# Resistome profiling

One of the main concerns during the suspected outbreak of *E.cloacae* was the possibility of antimicrobial resistance (AMR), particularly carbapenem resistance.

For this step in the workflow, we'll be sketching with:

* MinHash
* Minimizers

***

## Taking a quick look with MinHash

To quickly tell if there are any known AMR genes in these samples, we can use [GROOT](https://github.com/will-rowe/groot). GROOT is designed for metagenomes but does the job for isolates too. It works by building variation graphs for clusters of genes, then indexing the traverslas in each graph using **MinHash** sketches.

We're going to see how you can sketch reads as you download them, this means you could just keep the samples which contain the genes that you are intested in. GROOT also has read QC and trimming built in, so bad reads will be handled.

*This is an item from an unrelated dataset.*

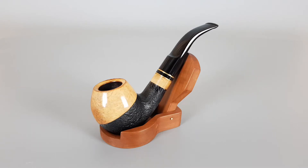Hello and welcome to a new Pipe presentation video. Today we're having a closer look at an unsmoked handmade Austrian Kemperling pipe. Partially sandblasted finish, bent apple shape 602 with settled stamp.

* to begin, download a reference AMR database and index it:

In [167]:
# download the ResFinder database
!groot get -d arg-annot

# index the database
!groot index -i ./arg-annot.90 -l 150 -k 21 -s 24 -o arg-annot-index

downloading the pre-clustered arg-annot database...
unpacking...
could not save db to specified directory


> `-l` specifies the window length to sketch in the graph, which should be similar to the read length

> `-k` specifies the k-mer length and `-s` specifies the sketch size

> GROOT is quicker if we use multiple cpus to index or sketch (using groot `--processors`)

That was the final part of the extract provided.